L'apertura di un confronto sul tema, negli anni del merito e del traghettamento delle università pubbliche in fondazioni, è questione di sicura in-attualità. Un bilancio disincantato sull'incompiutezza del diritto allo studio (cavallo di battaglia delle mobilitazioni universitarie degli ultimi venti anni) appare oggi altamente improbabile e gli anni dell'opposizione alla riforma Ruberti e del movimento della Pantera sono lontani più che mai. Se la memoria di quell'esperienza sarà consegnata al rituale ingessamento editoriale, la domanda che offre il titolo a questo contributo rimarrà a lungo inevasa.
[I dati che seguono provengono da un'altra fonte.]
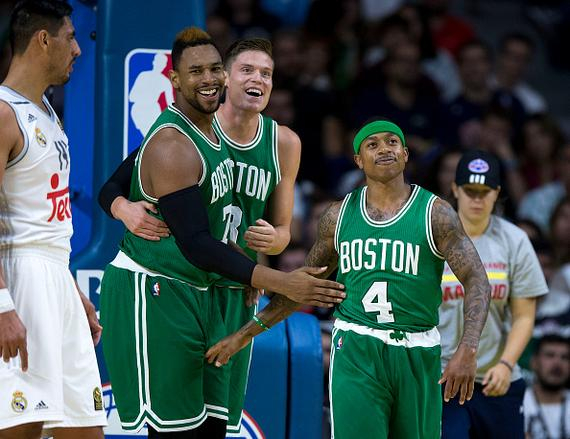 掉落与敌人 掉落与敌人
L'esercizio di sovrapporre questo tema “antico” alla vulgata contemporanea in tema di meritocrazia offre però l'occasione per riproporre in termini inediti questa sfida: un'idea organica di diritto allo studio è irriducibile all'idea di accesso universale all'istruzione (progressione delle tasse, borse di studio..); solo integrando un adeguato sistema di servizi ed agevolazioni per gli studenti sarà possibile lavorare sull'appianamento delle molteplici condizioni socio-economiche di partenza.
Da queste considerazioni siamo partiti un anno fa con una scommessa: fare breccia nella questione del “dsu“ giocando su un punto focale differente da quello delle grandi riforme e vicino alla quotidianità del vivere, oggi, in Statale. L'esperienza maturata in seno al gruppo di studio ci ha portato ad elaborare dossier, ad occupare simbolicamente la sala studio più frequentata dell'ateneo, fino a spingere in maniera determinante per la sperimentazione di apertura serale nei tre mesi primaverili1.
La “Statale” gestisce un patrimonio di una ventina tra grandi biblioteche e sale studio ed oltre 130 biblioteche di dipartimento per un patrimonio non solo librario che sarebbe riduttivo definire inestimabile; tuttavia in “Festa del Perdono” solo la “sala A”, 250 posti, resta aperta fino alle 19.30, a seguire...coprifuoco. Una prima valutazione sullo stato dell'arte del sistema bibliotecario può coerentemente poggiare su questi pochi, peculiari dati: grande potenziale culturale ma anche grande inefficienza e totale incomprensione di contesto metropolitano post-moderno.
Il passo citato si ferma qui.